● There’s still another major study documenting the extent
to which children are needlessly in foster care – and this one also documents
the success of one solution: high-quality legal defense for families. There’s
a story in the Chronicle of Social Change. Here’s the press release from New York University School
of Law. And I have a post about it on
this blog.
● One of the lawyers who provides this kind of high-quality
family defense has an
excellent essay in Paste about a family
in which the mother accidentally dropped her five-year-old son. He suffered a
fractured skull. But this family didn’t
need a lawyer. Can you guess why?
● The Arizona Republic
has
a story about the hypocritical way child protective services agencies
invoke concerns about children’s privacy – because it’s the agency’s privacy they’re really
defending.
● One child welfare agency, the Los Angeles County
Department of Children and Family Services countenanced a massive invasion of
children’s privacy – and that was only one of the problems with the HBO
documentary Foster.
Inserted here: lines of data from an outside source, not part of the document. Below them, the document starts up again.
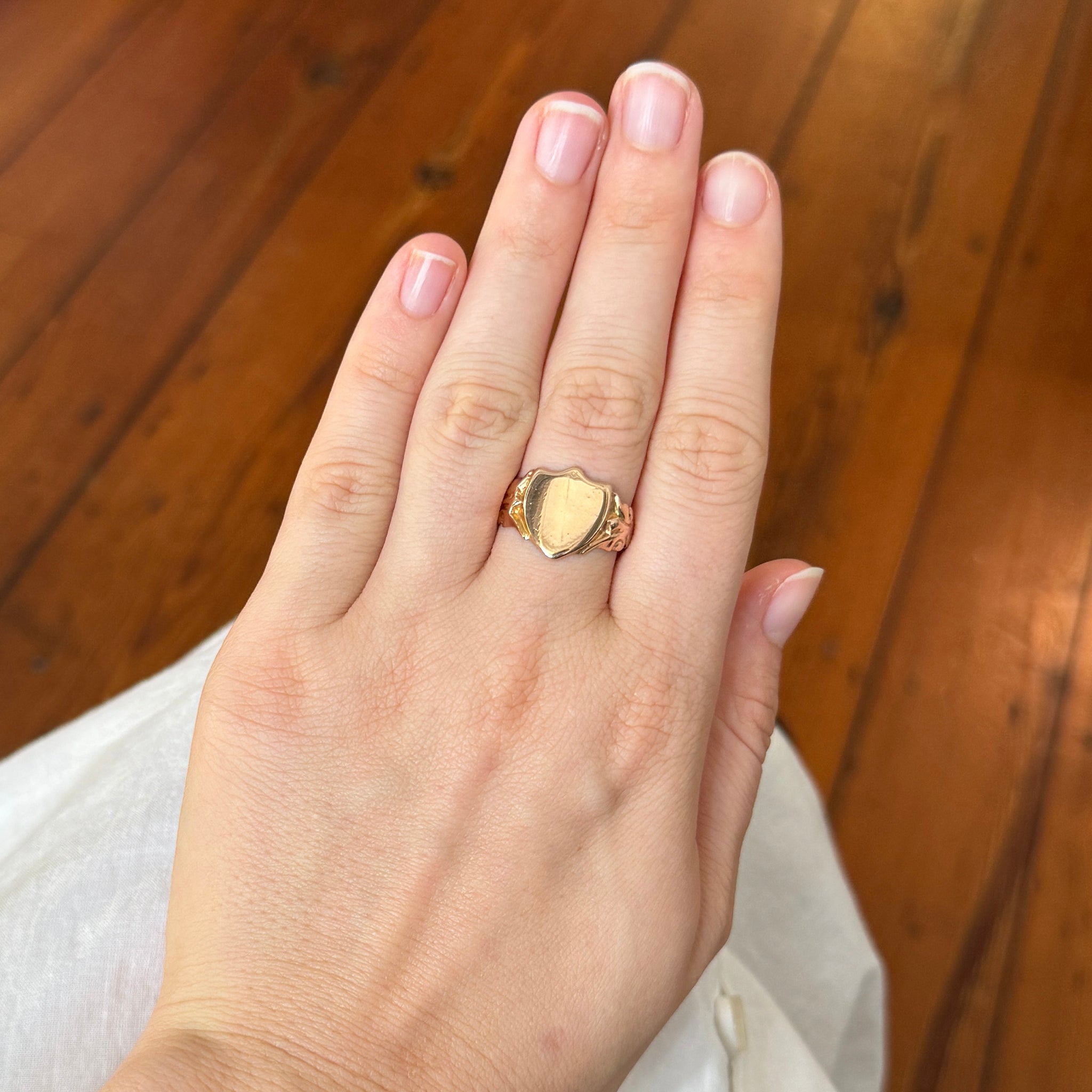 Edwardian 9K Gold Shield Signet Ring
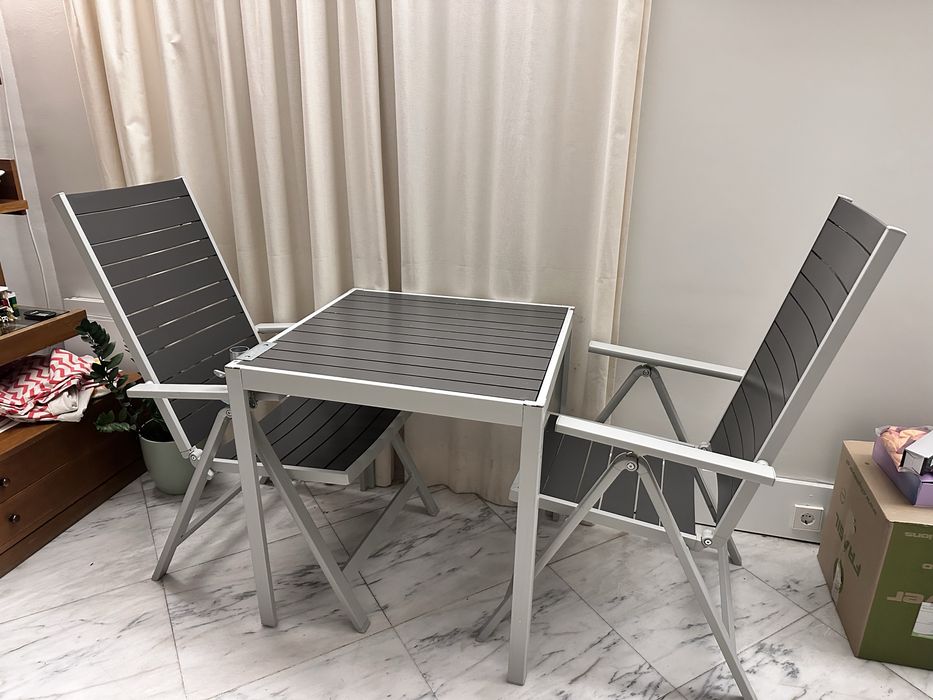 Mesa e cadeiras de exterior Ikea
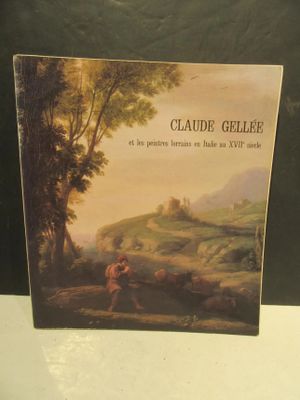 une photo d'un livre sur laquelle figure l'image d'un homme dans un paysage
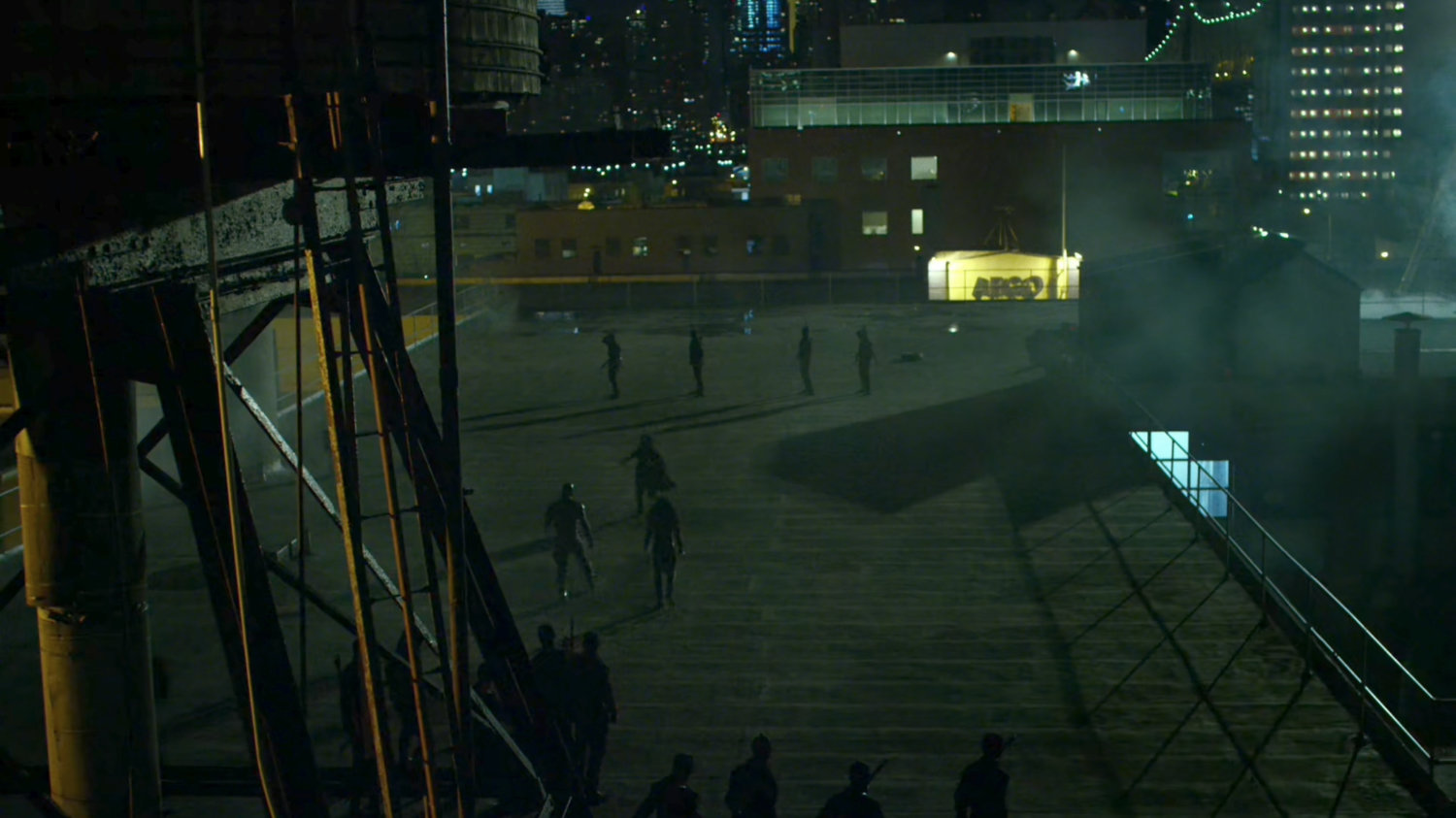 High angle of battle on abandoned warehouse rooftop between Elektra, Daredevil, and The Hand.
I have a blog
post about it.
● Daniel Heimpel, publisher of the Chronicle of Social Change has a column
criticizing Naomi Schaefer Riley for using “cherry-picked statistics on child
maltreatment deaths – a horrific but incredibly rare occurrence – to insinuate
that ramping up domestic family separations has a corollary in reduced child
maltreatment deaths.” (I have more
about Riley here.)
● The Chronicle also
has a column from Nora McCarthy, director of Rise, about Rise’s
Handbook for improving frontline practice with parents (There’s a link to the
full handbook.)
● And, 26 years after I wrote a cover story for the
alternative weekly in Chicago about the foster-care panic caused by certain
media and politicians, I
have an update. (The media are doing
better; the politicians, not so much.)